Le Français Seenk veut révolutionner la mode avec l'intelligence artificielle

L'agence digitale lance un moteur de conseils personnalisés tirant parti du supercalculateur Watson d'IBM. Il cible dans un premier temps les e-commerçants du secteur de la mode.

L'agence digitale parisienne Seenk lance une application mobile de digitalisation de la relation client à destination du secteur de la mode. "Elle permet aux e-commerçants positionnés dans ce domaine de proposer un Personal Shopper virtuel", explique Clément Derock, directeur associé et fondateur de Seenk. "Cette app, que nous commercialisons en marque blanche, va en effet pouvoir répondre aux questions de leurs clients, les orienter, leur recommander tel ou tel produit au catalogue. Le tout de manière personnalisée, en fonction de leurs préférences et du contexte."

Un conseiller digital livrant des réponses personnalisées

Commercialisée aux e-commerçants en marque blanche, l'app Wearing est dessinée pour conseiller les clients à la manière d'un Personal Shopper.  © Seenk Lab

Baptisée Wearing, la technologie de Seenk va permettre d'apporter des réponses en fonction de la taille et de la morphologie du client, de ses goûts, de son budget... Elle pourra, aussi, prendre en compte, via l'analyse permanente de contenus web, les dernières tendances de la mode et les cultures vestimentaires pour faire face aux interrogations les plus diverses. Que porter dans telle ou telle occasion (un mariage par exemple) ? Quelle est la différence entre une veste et un blazer ? Quelle cravate choisir avec telle couleur de chemise ?

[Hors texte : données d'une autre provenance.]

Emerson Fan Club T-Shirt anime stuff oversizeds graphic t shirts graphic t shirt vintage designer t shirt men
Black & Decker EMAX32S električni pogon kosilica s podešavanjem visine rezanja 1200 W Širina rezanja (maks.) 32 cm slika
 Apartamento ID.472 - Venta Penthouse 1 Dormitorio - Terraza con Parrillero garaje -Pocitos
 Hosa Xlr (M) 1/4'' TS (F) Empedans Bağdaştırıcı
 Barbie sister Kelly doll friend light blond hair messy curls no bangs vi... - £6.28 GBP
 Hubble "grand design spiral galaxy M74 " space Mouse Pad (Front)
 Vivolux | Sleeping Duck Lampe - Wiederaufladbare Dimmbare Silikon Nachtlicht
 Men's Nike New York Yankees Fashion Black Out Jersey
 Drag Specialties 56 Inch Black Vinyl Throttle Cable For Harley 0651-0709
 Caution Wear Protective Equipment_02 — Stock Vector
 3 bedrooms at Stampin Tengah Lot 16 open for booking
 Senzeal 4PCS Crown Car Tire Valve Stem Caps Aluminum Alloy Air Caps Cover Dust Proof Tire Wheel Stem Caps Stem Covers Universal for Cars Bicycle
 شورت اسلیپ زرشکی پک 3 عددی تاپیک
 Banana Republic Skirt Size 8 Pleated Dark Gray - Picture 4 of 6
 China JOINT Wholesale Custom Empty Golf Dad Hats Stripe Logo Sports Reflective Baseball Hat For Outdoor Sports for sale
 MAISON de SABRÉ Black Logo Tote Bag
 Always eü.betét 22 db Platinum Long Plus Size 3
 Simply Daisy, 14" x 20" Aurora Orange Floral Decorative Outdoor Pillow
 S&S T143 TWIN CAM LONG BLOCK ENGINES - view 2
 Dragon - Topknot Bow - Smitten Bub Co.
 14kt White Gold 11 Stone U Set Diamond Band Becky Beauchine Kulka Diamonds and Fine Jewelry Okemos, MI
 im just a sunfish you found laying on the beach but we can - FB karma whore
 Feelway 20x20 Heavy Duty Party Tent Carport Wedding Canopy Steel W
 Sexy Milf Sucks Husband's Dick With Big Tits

Sous le capot, Seenk associe plusieurs technologies. Au cœur du dispositif, Wearing fait appel au service d'intelligence artificielle en mode cloud Watson Cognitive d'IBM. "Il est notamment utilisé pour l'indexation des données et l'analyse sémantique des questions de l'utilisateur", précise Seenk. La brique de Big Blue est associée à une plateforme de cloud privé - motorisée par les algorithmes de l'Américain Findability Sciences. Son but : faire lien entre les réponses provenant de Watson et les bases du marchand (données clients, historique d'achat, produits...).

Le machine learning pour suivre les nouvelles tendances

"Grâce à Watson et ses capacités d'analyse sémantique, l'app est capable de comprendre les questions des consommateurs en langage naturel", explique Clément Derock. La capacité de la technologie d'IBM en matière de machine learning est aussi exploitée pour enrichir en permanence la connaissance du système sur l'univers de la mode, ses dernières tendances, et l'évolution des goûts du consommateur.

Architecture du cloud motorisant le Personal Shopper virtuel de Seenk. © Seenk

Pour l'heure, Watson n'est pas disponible en français. Il se limite au traitement de l'anglais, de l'espagnol et du japonais. "Nous pouvons néanmoins ajouter une couche de traduction pour prendre en charge le français. Mais le support du français par Watson est pour très bientôt", indique Clément Derock chez Seenk.

Une entité dédiée à Wearing

Seenk s'est doté d'une entité pour porter sa nouvelle activité d'éditeur : Seenk Lab. Répartie entre Paris, Boston et Bombay, elle compte 85 personnes (designers d'interface, développeurs et spécialistes de la data). Une structure entièrement auto-financée qui doit permettre à Seenk de décliner son offre pour d'autres secteurs. Un deuxième chantier centré sur l'univers du vin a d'ailleurs déjà été lancé.

Le projet Wearing n'est pas tout à fait la première initiative de Personal Shopper virtuel basé sur Watson. Aux Etats-Unis, le Californien Fluid a accompagné le fabricant de vêtements de plein air The North Face dans la création d'un tel service. Suivant la même philosophie que Wearing en termes de personnalisation de la relation client, il a d'abord été intégré au site marchand de la marque pour assister les visiteurs dans leurs recherches (lire l'article : Comment The North Face a appliqué Watson à l'expérience d'achat). The North Face vient d'annoncer son intention de le décliner sous la forme d'une app mobile le mois prochain (Lire cet article de Venturebeat).